In this article, we analyze the implications of this change of guard in Delhi, for the business community in India and abroad.

A functioning Parliament

With a clear majority government of 282 of the 553 seats in the lower house (Lok Sabha) of parliament, the new BJP government can function without coalition partners getting in its way. Parliamentary proceedings in the lower house are expected to be tamer and more productive in the next five years. However, with only 62 seats in the 245-seat upper house (Rajya Sabha), the government will be unable to pass legislative bills without the support of the Congress and its allies (as non-money bills require passage in both houses). The numbers in the upper house are expected to change in BJP’s favour in 2016, when a third of the upper house seats are up for re-election.
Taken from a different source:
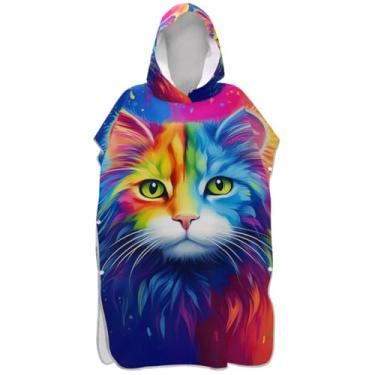 Imagem de Joisal Poncho de surfe para adulto trocador de roupa de praia com capuz toalha floral plus size gato neon adulto ponchos para mulheres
Till then, the BJP government is expected to focus on administrative improvements, with an emphasis on taxation reforms, to reassure investors and help re-start the investment cycle. Following are three taxation-related policy initiatives that the new government is expected take up in the first 100 days of its tenure:

  • Roll back of retrospective taxation provisions – The BJP had promised to end the colorfully-worded ‘tax terrorism’ of the previous government and win back investor interest as its first priority. Prime Minister Modi is unlikely to delay a resolution on this contentious issue and is expected to provide clarity on this subject by July 2014, during the budget session of parliament.
  • Goods and Service Tax (GST) Bill – This significant legislation harmonizes the multiple central and state-level indirect tax regimes currently in place, and replaces it with a single unified regime. The new government is hoping to enact the necessary legislation for a nationwide GST rollout by April 1 2015. The Congress has promised, for now, to support the government and allow passage of both, the constitutional amendment bill (dividing central and state tax remits) that needs to precede the GST Bill and the GST Bill itself, in the upper house.
  • vDirect Tax Code (DTC) – this will replace India’s archaic income tax laws and simplify the tax structure. The roll-out, however, is expected to coincide with that of the new GST regime.